Kylie is an experienced ITAM/FinOps consultant with a track record of creating superior IT asset management frameworks that enable large companies to optimize IT costs while maintaining governance and control.

She has operated as an independent consultant since 2009, enabling organizations including Sainsbury's and DirectLine Insurance to leverage the benefits of IT asset management and FinOps to achieve critical business objectives. Recent key projects include defining an end-to-end SAM strategy, target operating model, policies and processes which when implemented provided a 300% ROI.

She is passionate about supporting businesses of all sizes to drive continuous improvement, reduce risk, and achieve return on investment through the development of creative asset management and FinOps solutions.

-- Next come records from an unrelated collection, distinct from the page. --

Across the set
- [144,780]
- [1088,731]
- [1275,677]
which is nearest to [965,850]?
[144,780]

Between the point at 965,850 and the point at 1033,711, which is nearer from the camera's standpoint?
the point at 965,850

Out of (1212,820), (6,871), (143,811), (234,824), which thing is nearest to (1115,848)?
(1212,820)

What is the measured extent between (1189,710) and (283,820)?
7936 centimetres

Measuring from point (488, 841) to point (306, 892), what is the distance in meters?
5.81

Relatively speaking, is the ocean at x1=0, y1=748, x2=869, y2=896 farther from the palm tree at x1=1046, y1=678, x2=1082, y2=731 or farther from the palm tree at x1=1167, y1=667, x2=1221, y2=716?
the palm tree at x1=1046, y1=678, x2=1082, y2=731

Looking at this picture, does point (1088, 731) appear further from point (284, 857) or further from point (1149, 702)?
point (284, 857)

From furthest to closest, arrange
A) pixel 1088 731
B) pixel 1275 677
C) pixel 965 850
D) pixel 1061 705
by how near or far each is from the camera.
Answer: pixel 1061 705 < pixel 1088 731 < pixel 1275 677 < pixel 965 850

Rory is the founder, owner, and principal consultant of SAM Charter, an internationally recognized consultancy in enterprise-wide Software & IT Asset Management. As an industry leader, SAM Charter is uniquely poised to ensure your IT & SAM systems are aligned to your business requirements.

With a technical background in business and systems analysis, Rory has a wide range of first-hand experience advising numerous companies and organizations on the best practices and principles pertaining to software asset management. This experience has been gained in both military and civil organizations, including the Royal Navy, Compaq, HP, the Federation Against Software Theft (FAST), and several software vendors.

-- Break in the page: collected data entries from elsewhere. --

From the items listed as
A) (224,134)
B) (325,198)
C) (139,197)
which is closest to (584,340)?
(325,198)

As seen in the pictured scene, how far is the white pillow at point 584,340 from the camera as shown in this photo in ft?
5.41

Jeremy started his career in ITAM fighting the Y2K bug at the turn of the 21st century. Since then, he has helped companies in manufacturing, healthcare, banking, and service industries build and rehabilitate hardware and software asset management practices.

These experiences prompted him to create the Pragmatic ITAM method, which directly addresses and permanently resolves the fundamental flaws in current ITAM and SAM implementations.

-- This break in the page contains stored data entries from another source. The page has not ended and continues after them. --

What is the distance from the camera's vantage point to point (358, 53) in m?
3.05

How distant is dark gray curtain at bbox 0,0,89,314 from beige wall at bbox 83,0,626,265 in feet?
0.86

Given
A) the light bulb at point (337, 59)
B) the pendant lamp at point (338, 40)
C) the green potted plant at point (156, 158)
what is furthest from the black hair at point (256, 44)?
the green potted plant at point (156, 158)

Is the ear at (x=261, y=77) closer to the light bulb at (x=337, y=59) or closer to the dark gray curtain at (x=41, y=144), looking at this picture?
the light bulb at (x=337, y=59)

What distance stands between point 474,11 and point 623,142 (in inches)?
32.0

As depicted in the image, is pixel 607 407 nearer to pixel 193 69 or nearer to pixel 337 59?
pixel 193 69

In 2016, he founded Boerger Consulting, LLC to help business leaders and decision makers fully realize the promises a properly functioning ITAM can deliver. In his off time, you will find him in Cincinnati, Ohio, with his wife and family.

Mike Austin leads the delivery team at MetrixData 360. Mike brings more than 15 years of Microsoft licensing experience to his clients’ projects. He assists companies, from Fortune 500 to organizations with as few as 500 employees, with negotiations of Microsoft Enterprise Agreements (EA), Premier Support Contracts, and Select Agreements. In addition to helping negotiate contracts, he helps clients build and implement software asset management processes.

Previously, Mike was employed by Microsoft for more than 8 years as a member of the global sales team. With Microsoft, Mike successfully negotiated more than a billion dollars in new and renewal EAs. Mike has also negotiated legal terms and conditions for all software agreements, developed Microsoft’s best practices for global account management, and was awarded Microsoft’s Gold Star Award in 2003 and Circle of Excellence in 2008 for his contributions.